##### LISTED RECORDS #####
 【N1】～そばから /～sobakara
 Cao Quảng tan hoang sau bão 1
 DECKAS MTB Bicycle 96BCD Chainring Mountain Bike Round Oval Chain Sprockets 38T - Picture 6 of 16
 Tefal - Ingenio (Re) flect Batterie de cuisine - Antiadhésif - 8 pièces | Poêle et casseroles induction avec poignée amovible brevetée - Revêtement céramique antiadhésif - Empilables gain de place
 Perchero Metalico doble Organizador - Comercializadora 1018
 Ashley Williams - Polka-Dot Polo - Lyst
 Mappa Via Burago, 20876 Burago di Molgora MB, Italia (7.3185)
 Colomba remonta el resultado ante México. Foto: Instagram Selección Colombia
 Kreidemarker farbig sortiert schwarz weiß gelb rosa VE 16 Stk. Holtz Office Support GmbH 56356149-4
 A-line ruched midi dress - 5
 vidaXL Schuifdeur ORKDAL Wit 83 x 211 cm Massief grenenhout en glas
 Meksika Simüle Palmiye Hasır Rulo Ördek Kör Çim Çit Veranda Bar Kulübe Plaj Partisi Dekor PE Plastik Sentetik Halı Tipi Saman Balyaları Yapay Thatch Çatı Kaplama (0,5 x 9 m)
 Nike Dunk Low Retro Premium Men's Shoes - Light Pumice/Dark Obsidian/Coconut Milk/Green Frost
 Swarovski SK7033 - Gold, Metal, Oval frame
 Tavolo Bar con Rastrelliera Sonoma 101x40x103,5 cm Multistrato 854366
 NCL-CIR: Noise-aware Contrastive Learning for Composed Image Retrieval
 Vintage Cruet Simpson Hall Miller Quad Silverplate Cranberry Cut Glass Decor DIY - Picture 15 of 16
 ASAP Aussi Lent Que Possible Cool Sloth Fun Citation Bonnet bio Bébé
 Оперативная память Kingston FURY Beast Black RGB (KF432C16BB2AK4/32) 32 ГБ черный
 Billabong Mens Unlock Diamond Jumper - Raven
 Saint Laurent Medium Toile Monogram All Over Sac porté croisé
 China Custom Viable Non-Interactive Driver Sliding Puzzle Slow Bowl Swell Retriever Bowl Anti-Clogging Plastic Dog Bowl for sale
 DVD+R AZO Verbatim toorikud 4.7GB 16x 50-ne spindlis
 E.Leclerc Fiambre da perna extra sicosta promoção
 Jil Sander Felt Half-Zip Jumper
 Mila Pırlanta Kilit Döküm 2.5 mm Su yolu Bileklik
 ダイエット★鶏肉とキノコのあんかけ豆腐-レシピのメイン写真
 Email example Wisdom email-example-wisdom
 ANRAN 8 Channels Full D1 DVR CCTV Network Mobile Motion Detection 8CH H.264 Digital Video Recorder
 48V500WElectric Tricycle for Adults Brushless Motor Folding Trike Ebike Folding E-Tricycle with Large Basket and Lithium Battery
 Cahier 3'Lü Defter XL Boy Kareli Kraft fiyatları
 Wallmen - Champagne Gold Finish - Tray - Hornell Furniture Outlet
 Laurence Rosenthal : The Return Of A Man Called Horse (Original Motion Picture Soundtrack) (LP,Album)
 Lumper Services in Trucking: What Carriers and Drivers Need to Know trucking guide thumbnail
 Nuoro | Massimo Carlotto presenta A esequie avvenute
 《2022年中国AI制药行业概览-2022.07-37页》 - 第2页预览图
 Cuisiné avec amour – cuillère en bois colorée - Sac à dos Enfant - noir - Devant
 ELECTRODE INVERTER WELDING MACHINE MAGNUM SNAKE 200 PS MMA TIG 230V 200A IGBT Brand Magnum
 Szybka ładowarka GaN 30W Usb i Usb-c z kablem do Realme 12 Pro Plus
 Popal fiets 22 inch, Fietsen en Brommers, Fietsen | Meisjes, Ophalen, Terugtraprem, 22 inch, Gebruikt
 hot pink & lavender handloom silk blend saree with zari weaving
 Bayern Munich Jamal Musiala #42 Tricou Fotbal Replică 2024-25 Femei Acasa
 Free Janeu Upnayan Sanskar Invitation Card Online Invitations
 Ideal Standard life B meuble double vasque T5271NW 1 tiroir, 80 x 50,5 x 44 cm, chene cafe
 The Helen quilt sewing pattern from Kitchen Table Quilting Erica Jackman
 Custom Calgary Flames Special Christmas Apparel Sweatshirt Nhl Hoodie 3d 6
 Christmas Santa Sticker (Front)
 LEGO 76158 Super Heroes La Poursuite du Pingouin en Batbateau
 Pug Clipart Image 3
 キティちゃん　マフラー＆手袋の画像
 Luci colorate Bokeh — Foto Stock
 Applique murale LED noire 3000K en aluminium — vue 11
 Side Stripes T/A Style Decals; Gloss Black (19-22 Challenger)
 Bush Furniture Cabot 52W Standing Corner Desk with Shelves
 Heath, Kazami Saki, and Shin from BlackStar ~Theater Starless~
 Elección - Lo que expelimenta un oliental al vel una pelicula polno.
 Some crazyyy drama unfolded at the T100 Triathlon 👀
#####
Give again only the lines starting at the one that contains "Free Janeu Upnayan" and running to the end of the data.

 Free Janeu Upnayan Sanskar Invitation Card Online Invitations
 Ideal Standard life B meuble double vasque T5271NW 1 tiroir, 80 x 50,5 x 44 cm, chene cafe
 The Helen quilt sewing pattern from Kitchen Table Quilting Erica Jackman
 Custom Calgary Flames Special Christmas Apparel Sweatshirt Nhl Hoodie 3d 6
 Christmas Santa Sticker (Front)
 LEGO 76158 Super Heroes La Poursuite du Pingouin en Batbateau
 Pug Clipart Image 3
 キティちゃん　マフラー＆手袋の画像
 Luci colorate Bokeh — Foto Stock
 Applique murale LED noire 3000K en aluminium — vue 11
 Side Stripes T/A Style Decals; Gloss Black (19-22 Challenger)
 Bush Furniture Cabot 52W Standing Corner Desk with Shelves
 Heath, Kazami Saki, and Shin from BlackStar ~Theater Starless~
 Elección - Lo que expelimenta un oliental al vel una pelicula polno.
 Some crazyyy drama unfolded at the T100 Triathlon 👀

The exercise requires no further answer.